そうすると、流暢な英語の、ニューヨーク駐在員みたいな人が、ペラペラっとしゃべり、相手はそこへ集中しますよね。彼はそれを日本語に訳して僕に伝える。それに僕が英語で答えたのに、あんまり通じないもんですから、相手はみんなまた彼を見る。彼は、僕の言った英語を、さらに英語にして……。
- 佐々木
通訳する(笑)。
- 南坊
そう。なんか僕の前をパスされているような。それはやっぱり悔しいわけですよ。技術的には僕が何かを言わなきゃいけないんです。それが、第三者を通じてずっと会話が進むという寂しい状況がありましたんでね(笑)。
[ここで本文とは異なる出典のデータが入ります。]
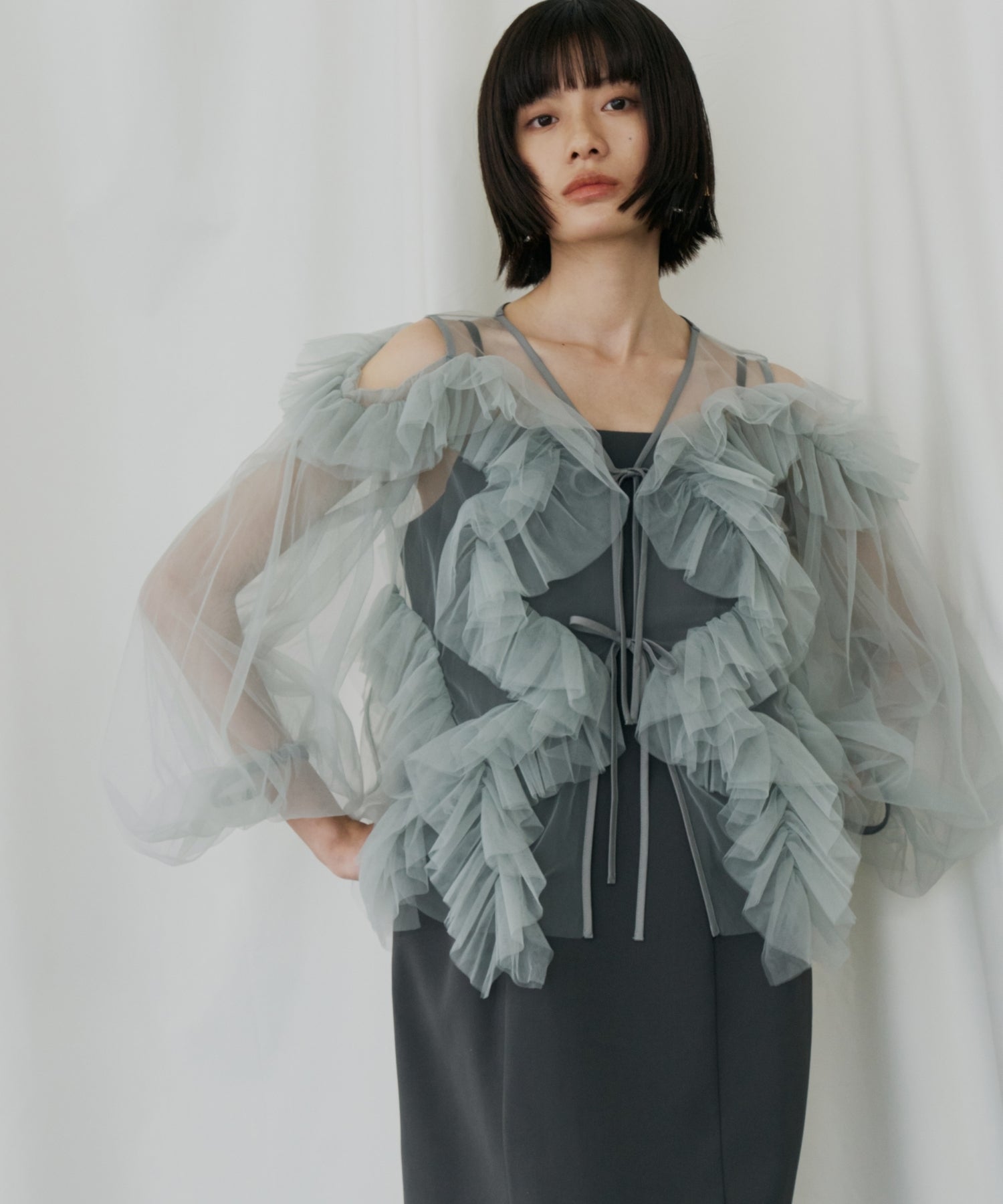 ZIGZAG TULLE DRESS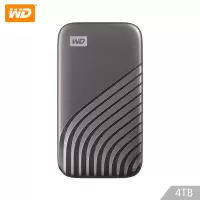 西部数据(WD) 固态移动硬盘 My Passport随行SSD版 Type-C接口 4TB 深空灰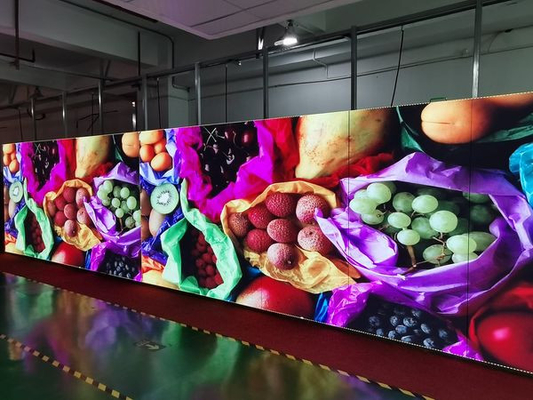 P3.91 Display a LED a colori a colpi all'interno Densità di pixel 40000/mq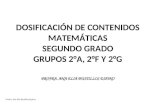 Dosificacion matematicas 2 grado de secundaria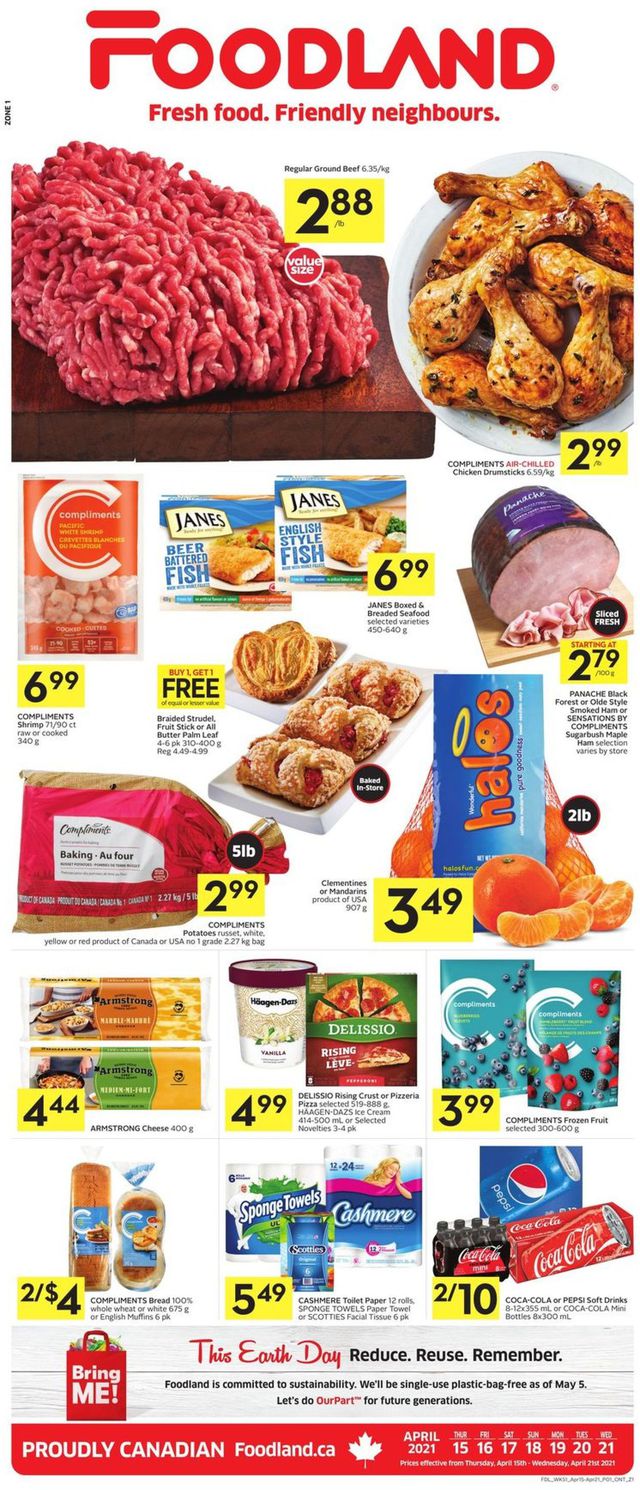 Foodland Flyer from 04/15/2021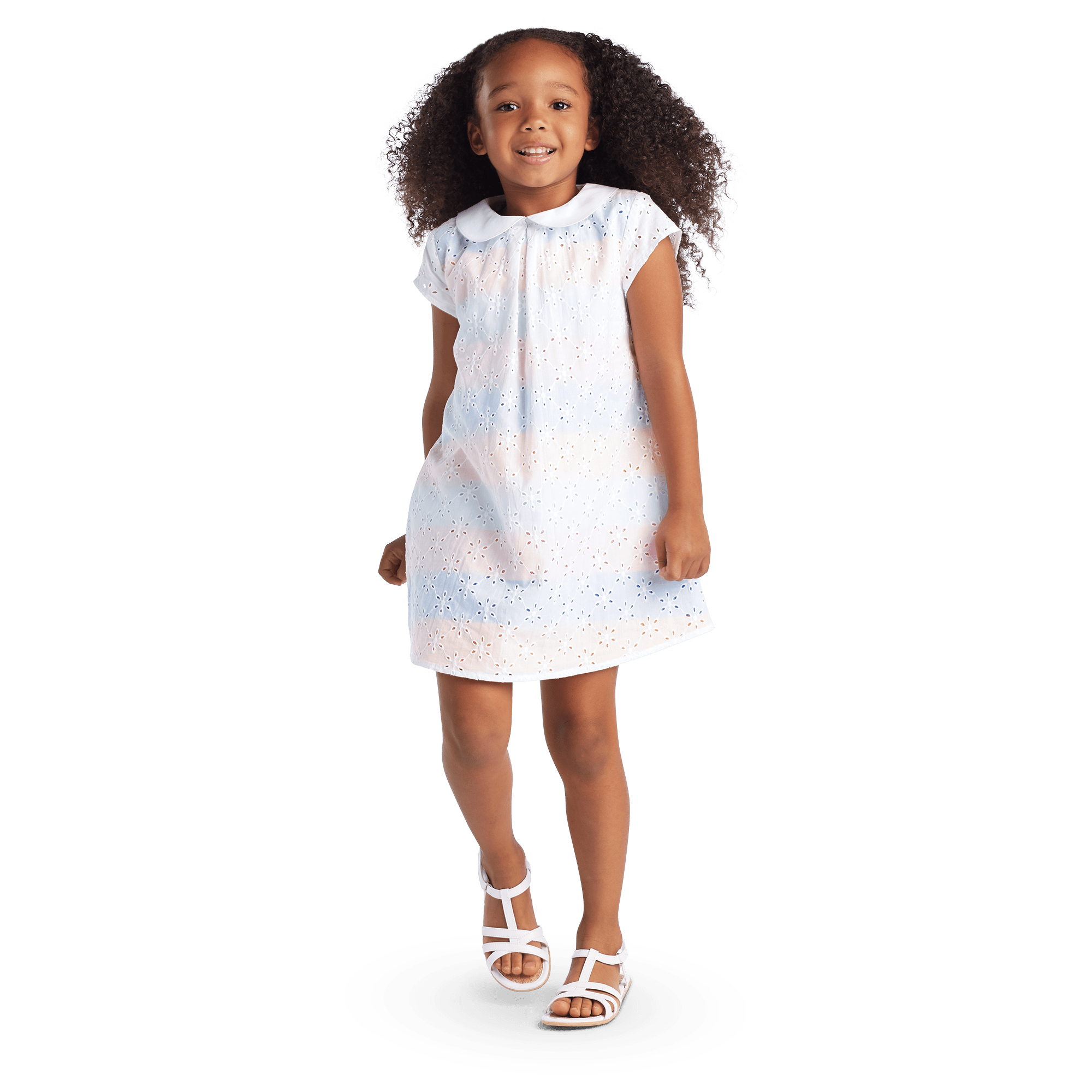 Sunny Flowers Dress for Little Girls - Image 2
きっと商社の方も石油会社の方も、若いうちはみんなそうだと思うんですけど、そういうのを経験すると、猛然と勉学意欲が湧くんですよね……。ま、勉学意欲というか、やらなきゃビジネスの中心に立てないんだとわかる。
成績が良くないと恥ずかしい、という、学校でのそんな消極的なものではないですよね。ここでやらないと、自分で会議もリードできない。だからやっぱり勉強する。
- 佐々木
そうですね。今、「英語ができないとビジネスの中心に立てない」とおっしゃったのは、厳しい発言ですがけっこう当たっている。プラスの表現をすれば、「英語ができるだけで、随分ビジネスが入ってくる」。それは、わたしも実感します。
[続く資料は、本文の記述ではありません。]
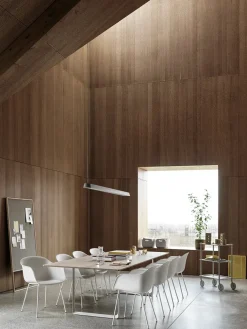 Muuto Linear Pendant Lamp 169,2 cm, grey fra> Pendler|Spots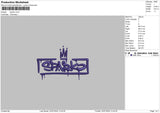 Sparkotext Embroidery File 6 sizes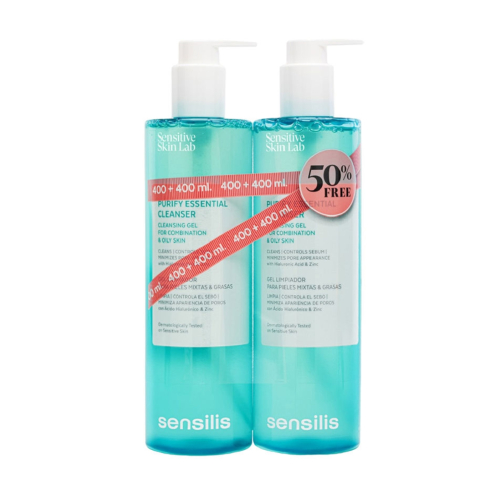 Sensilis - Pack de gel nettoyant purifiant Purify Essential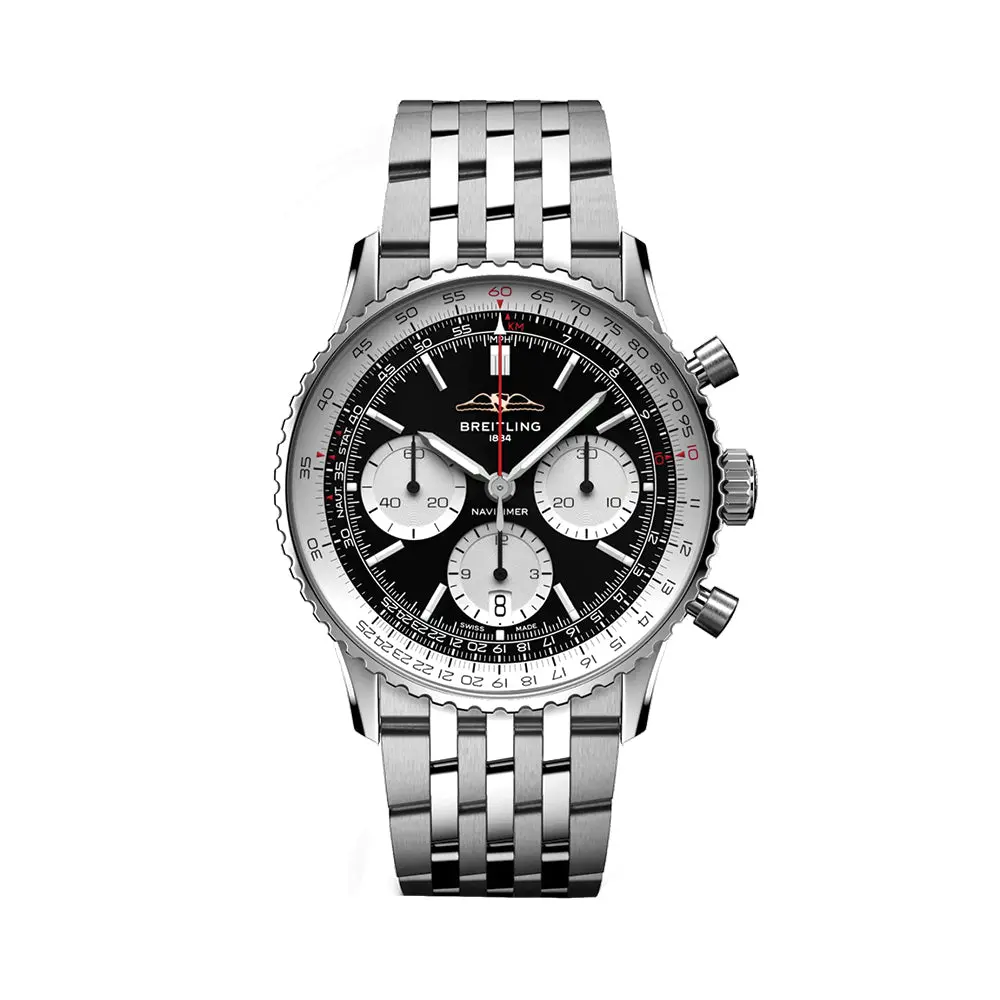 Navitimer B01 Chronograph 41Mm - Black On Bracelet 1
英語ができるだけで、海外のメディアやビジネス仲間との交流ができる。情報も入るし、仕事も増える。そして、発言の影響力さえももってくるような。周りの若手起業家を見ていても、英語ができるかどうかは、かなりの違いになっていると思います。
- 南坊
グローバリゼーションとは言われてきましたけれど、それ以上にみなさんが意識されているんじゃないかと思うんですね。特に日本は単一民族ですので、日本語ですべてことが足りますよね。
わたしはジャカルタに全部で4年くらい住んでいたことがあるんですが、向こうの大学生は普通に英語をしゃべるんです。たとえば数学の教科書は、インドネシア語の教科書はないので、英語の教科書で勉強する。そのうちに英語に親しんでいく。英語に対するイマーションというんですか。
- 佐々木
はい。
- 南坊
それは日本と全然違う。じゃあ、日本の若い人たちが外へ出て行きたくないかというとそうじゃないんだけれども、やっぱり英語のリテラシーというところで、なかなかおっくうなんでしょうね。そういう人が機会を持ってもらえるようにしたいんです。